Movie Box Office
2023-04-30
Chapter 1 Proposal
1.1 Data
The data comes from Kaggle: https://www.kaggle.com/datasets/rajugc/imdb-movies-dataset-based-on-genre. And the original source is IMDB:https://www.imdb.com/interfaces/. For simplicity, I do not intend to use all the data, so I just used data from Kaggle.
1.2 Modeling Goal
The main goal would be predicting the box office of a new movie based on its IMDB rating, certificate, genre, run time, year, casts, and directors. Some concerns about the practicability is that casts and directors contain many names, to simplify it, I decide to only include the top three actors and only one main director. Then I will convert them to dummy variables, i.e., each actor or director as a feature. Also note that, what we want to predict is the ultimate gross box office of the movie, so we can collect the new movie’s rating after it is released for certain time.

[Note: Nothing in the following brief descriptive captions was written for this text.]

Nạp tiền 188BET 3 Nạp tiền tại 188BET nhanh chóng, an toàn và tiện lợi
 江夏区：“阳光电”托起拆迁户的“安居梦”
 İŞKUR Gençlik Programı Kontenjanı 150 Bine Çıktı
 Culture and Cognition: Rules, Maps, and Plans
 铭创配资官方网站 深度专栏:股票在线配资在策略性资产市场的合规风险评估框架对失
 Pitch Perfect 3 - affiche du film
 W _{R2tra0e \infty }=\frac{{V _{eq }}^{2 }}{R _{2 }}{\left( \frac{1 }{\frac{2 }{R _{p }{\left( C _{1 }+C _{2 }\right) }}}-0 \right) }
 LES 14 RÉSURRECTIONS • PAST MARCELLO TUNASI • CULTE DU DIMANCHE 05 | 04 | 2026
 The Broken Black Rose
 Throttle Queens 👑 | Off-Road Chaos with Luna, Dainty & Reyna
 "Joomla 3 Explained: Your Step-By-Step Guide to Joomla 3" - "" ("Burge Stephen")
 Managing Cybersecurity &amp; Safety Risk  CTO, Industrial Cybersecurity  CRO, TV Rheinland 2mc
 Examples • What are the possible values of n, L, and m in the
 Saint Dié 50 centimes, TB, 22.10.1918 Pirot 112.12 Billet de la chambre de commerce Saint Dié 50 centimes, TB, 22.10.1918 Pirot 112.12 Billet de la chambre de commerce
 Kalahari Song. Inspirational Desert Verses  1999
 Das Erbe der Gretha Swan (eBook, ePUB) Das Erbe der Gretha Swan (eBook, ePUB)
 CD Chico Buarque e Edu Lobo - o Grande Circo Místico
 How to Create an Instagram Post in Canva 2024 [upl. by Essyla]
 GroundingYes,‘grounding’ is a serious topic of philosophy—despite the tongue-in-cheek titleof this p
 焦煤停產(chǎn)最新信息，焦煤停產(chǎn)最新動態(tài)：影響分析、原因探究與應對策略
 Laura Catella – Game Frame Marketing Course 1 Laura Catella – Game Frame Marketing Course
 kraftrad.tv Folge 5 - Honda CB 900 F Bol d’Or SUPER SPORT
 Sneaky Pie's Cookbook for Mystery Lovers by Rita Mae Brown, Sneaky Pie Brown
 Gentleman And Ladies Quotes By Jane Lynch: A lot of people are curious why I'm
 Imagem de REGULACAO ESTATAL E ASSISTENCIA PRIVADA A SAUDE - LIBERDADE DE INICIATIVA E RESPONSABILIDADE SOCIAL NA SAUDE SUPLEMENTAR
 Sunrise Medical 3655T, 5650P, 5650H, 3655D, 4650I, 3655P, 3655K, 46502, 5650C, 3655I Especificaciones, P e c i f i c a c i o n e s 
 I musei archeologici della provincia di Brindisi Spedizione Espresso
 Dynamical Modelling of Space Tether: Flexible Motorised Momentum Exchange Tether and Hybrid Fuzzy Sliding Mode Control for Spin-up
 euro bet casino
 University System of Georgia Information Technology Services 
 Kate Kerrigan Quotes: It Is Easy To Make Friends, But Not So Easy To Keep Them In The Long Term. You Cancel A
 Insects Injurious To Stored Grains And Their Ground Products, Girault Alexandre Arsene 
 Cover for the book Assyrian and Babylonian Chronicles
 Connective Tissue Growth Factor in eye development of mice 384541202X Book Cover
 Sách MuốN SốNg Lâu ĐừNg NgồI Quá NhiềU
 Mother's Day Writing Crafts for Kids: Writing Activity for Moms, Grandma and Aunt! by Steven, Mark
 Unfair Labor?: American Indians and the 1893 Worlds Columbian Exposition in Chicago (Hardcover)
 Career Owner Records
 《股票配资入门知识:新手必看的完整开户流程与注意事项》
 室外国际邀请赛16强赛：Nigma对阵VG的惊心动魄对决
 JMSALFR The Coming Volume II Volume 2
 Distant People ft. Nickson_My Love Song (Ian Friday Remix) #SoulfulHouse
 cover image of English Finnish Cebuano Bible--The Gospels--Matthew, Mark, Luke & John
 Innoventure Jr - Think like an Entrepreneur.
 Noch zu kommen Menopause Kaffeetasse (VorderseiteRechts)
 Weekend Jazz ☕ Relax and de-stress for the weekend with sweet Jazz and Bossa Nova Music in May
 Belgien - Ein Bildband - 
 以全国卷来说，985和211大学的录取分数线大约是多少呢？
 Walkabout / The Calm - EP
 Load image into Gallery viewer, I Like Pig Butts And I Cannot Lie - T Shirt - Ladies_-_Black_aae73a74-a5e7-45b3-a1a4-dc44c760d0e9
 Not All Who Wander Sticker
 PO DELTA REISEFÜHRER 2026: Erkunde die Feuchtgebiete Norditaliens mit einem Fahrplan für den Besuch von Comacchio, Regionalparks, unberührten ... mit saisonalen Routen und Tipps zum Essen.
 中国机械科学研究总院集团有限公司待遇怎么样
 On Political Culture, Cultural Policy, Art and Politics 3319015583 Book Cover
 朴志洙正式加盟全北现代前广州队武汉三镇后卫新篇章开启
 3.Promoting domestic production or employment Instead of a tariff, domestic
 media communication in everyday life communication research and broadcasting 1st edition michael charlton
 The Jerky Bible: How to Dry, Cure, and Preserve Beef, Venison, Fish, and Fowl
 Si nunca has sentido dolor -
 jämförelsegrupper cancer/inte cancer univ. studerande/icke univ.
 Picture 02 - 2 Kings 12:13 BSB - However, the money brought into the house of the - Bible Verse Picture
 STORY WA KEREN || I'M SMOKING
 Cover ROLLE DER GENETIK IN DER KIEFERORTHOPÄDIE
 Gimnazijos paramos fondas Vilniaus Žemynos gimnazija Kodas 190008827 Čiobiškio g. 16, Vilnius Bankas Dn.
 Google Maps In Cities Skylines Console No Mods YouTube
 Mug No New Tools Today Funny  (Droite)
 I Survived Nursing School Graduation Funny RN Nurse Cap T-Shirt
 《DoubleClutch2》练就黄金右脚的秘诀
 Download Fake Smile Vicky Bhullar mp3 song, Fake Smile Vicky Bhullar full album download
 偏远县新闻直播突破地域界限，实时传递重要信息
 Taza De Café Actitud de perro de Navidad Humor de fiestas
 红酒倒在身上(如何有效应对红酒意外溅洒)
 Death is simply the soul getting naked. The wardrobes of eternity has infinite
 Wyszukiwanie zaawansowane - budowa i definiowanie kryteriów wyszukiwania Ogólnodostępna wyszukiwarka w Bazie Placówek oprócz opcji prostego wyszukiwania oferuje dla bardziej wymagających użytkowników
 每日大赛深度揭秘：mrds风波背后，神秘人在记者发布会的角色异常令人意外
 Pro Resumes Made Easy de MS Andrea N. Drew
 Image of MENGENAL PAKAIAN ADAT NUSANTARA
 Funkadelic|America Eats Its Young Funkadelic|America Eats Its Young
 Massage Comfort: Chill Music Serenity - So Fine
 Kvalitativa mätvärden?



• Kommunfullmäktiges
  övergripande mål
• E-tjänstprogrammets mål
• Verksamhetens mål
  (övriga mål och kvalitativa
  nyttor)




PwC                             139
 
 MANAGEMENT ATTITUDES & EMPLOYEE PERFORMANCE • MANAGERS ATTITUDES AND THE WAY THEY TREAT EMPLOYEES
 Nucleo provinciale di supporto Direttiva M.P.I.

I am also interested in finding whether people prefer old movies or new released movies. For example, I can calculate the mean ratings of movies in each year and see how the trend looks like.
1.3 Models
The first model that I intend to use will be the ordinary linear regression model. An issue would be that the underlying relationship is not linear. So I may implement generalized linear model with a Gamma distribution (or I can do some tests to see what kind of exponential distributions that box office is closet to) as the second, decision tree as the third, and random forest as the fourth model.